Friday, April 4, 2014

Natural Plaster and never ending details


I have always wanted to be in a beautiful mud plastered house. We live in the abundance of good clay soil and most older local houses and all the homes on the Taos Pueblo were built exclusively of adobe bricks, and mud. Mud is colloquial for natural earth/clay with straw plaster. 
I could go on about how great of a building material it is and how sustainable it is, how long it lasts...but I'll stay on point. 
Nowadays it is not easy to get a building permit for a load bearing adobe structure, so people mix and match materials to try and get a similar look at least.
I really wanted a warm earthen room to sleep in- and one way to get that is to apply an Alis coat over existing gypsum plaster for example. My talented neighbour, and master plasterer, Carol Crews wrote a very informative and sweet book called
Clay Culture: Plasters, Paint and Preservation, which has many recipes and directions for do it yourselfers. After mixing a batch of lovely clay, sand, mica, pigment and straw, I brushed it on the walls and watched them transform. I had some help applying the Alis from Jossen and Marianne as well. Once it was dry I wanted it even darker so I rolled on several coats of linseed oil- which also seals the walls. The pictures below show the straw and the mica, but don't quite do it justice, as the mica sparkles so beautifully in the daylight.
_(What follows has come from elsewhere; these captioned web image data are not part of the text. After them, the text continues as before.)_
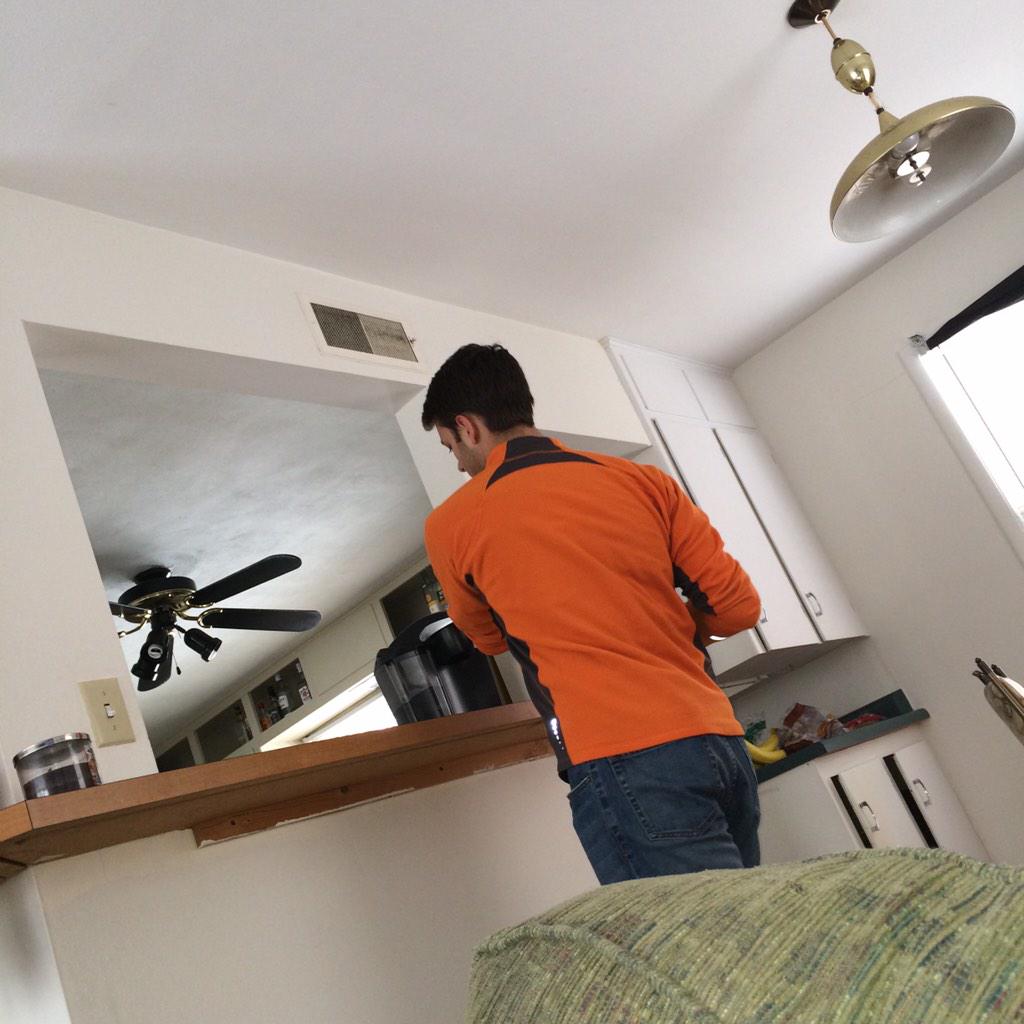 302_ann's tweet photo. The stay at home mom cleaning the kitchen today. A healthy kitchen is key to a healthy home http://t.co/nx3ReH8vx4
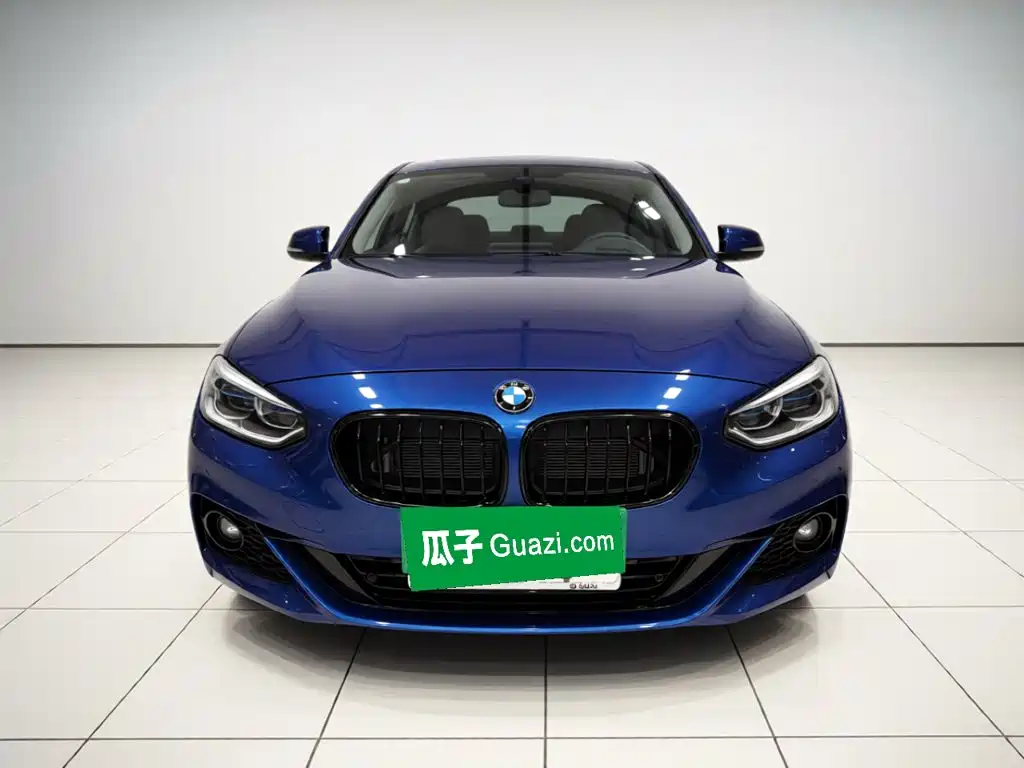 BMW 1 Series 2019 — фото 24
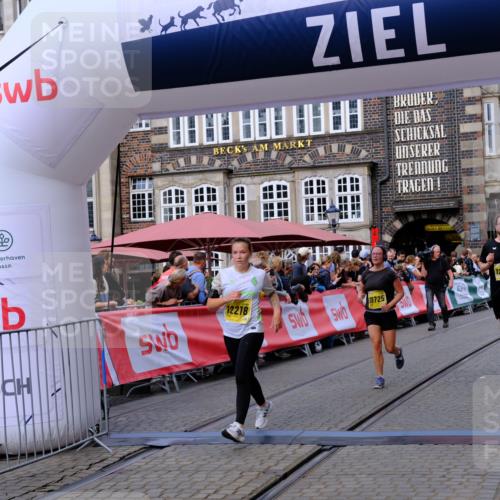 13.09.2026 - 21. swb-Marathon Bremen Tim E. http://msf.ph/oto/10314916 13.09.2026 10:55:38 Ziel 10256, 10725, 11014, 11414, 11466, 11631, 11910, 11941, 11977, 12201, 12218, 12258, 12549 meine-sportfotos.de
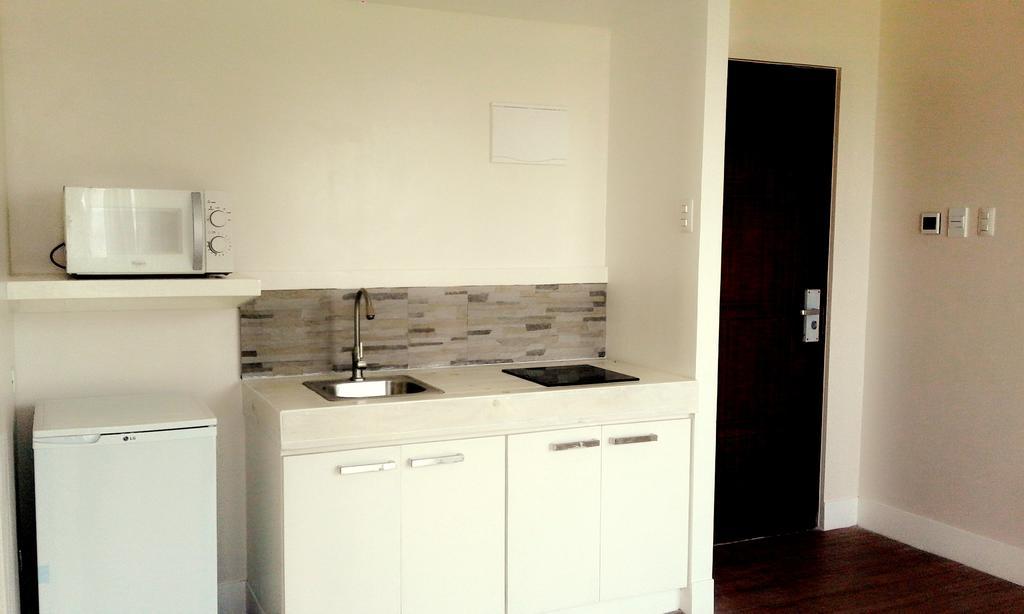 The Reef Hotel And Residences Olongapo Εξωτερικό φωτογραφία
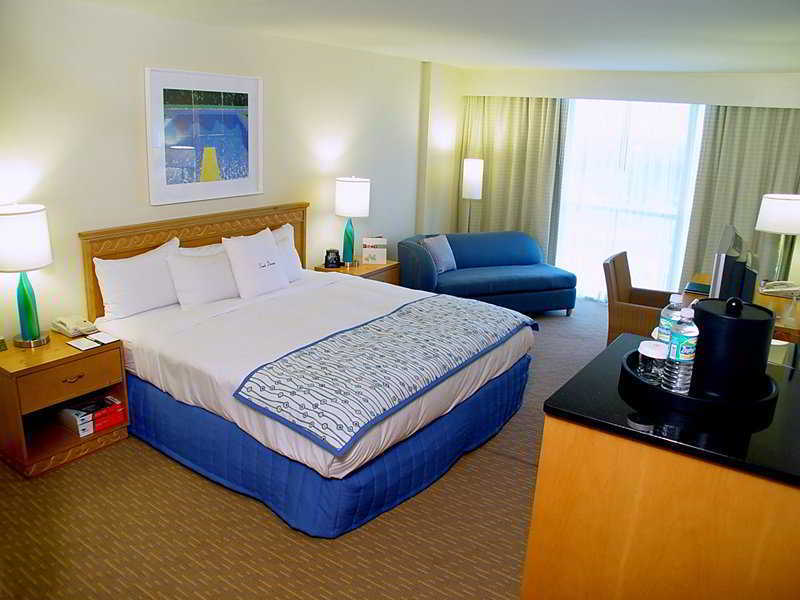 Hotel Doubletree By Hilton At The Entrance To Universal Orlando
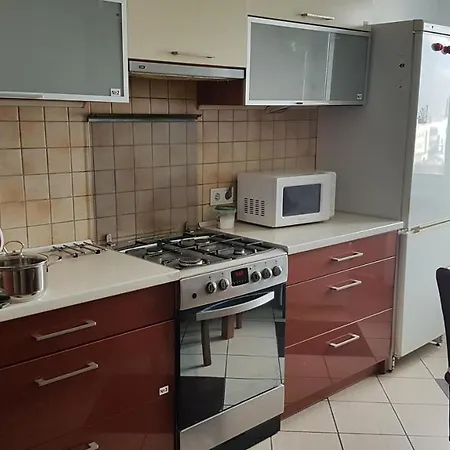 Niebieski Meander Blisko Metra Auberge de jeunesse *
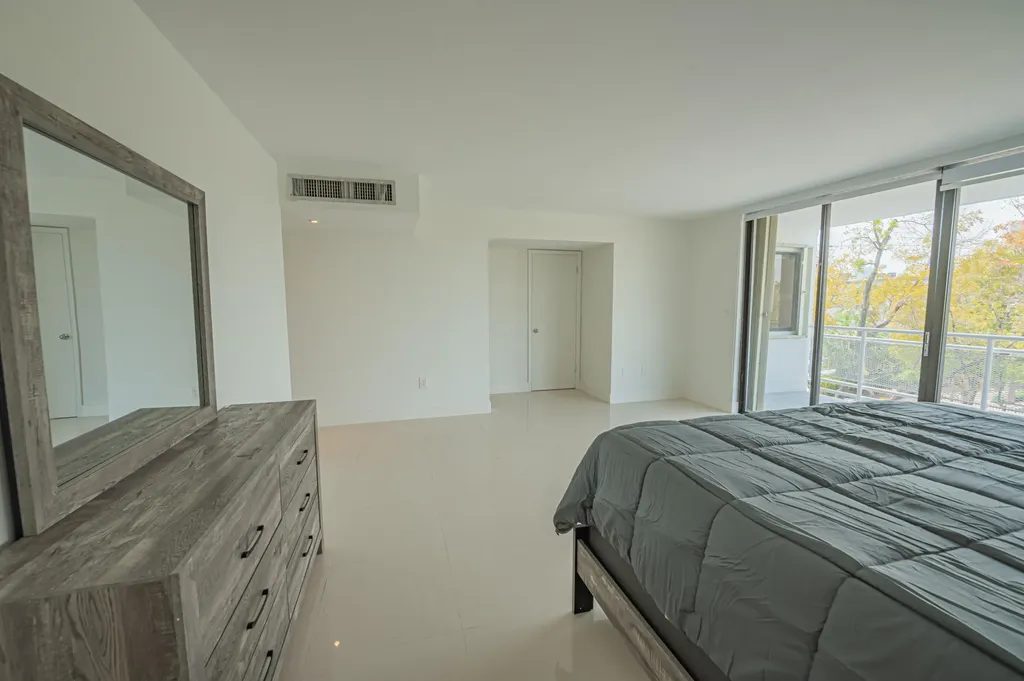 468 Golden Isle Drive Hallandale Beach FL 33009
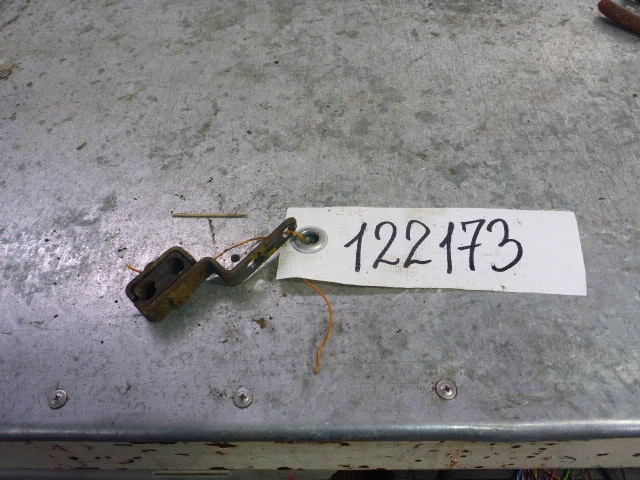 Кронштейн (сопут. товар)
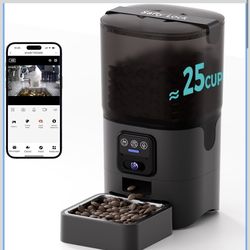 Automatic cat feeder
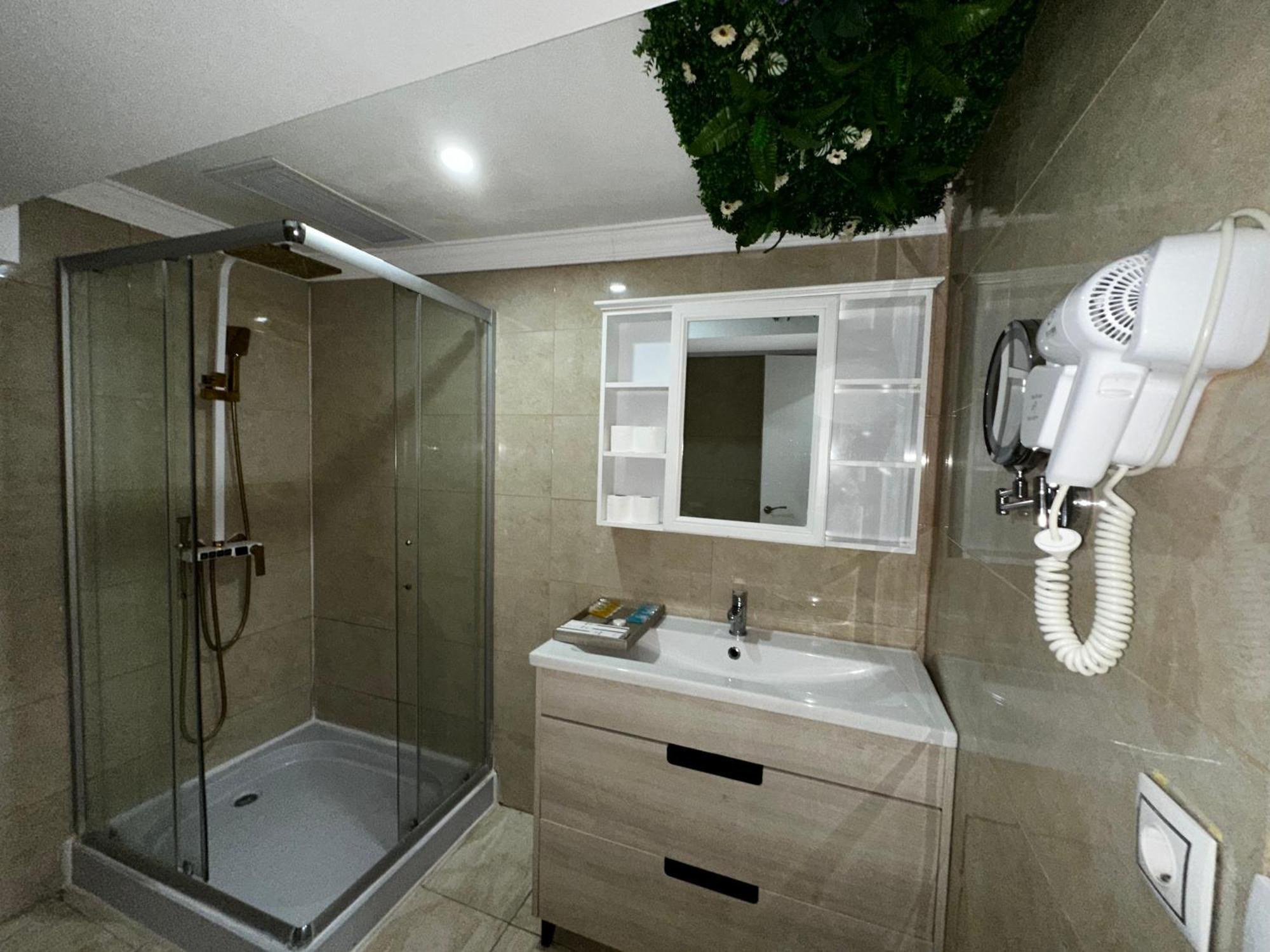Double Room,1611325046:JPEG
And the never ending details include, the kitchen coming together, the tile going up in the shower, and the staining and oiling of the wood all around. And the floor going in, we are using pre finished maple plywood, which is an inexpensive alternative to a hardwood floor. It will be no shoes floor, and only time will tell how long it will last. In Kodiak's room the plywood also had some surprisingly interesting grain patterns: reminds me of roots.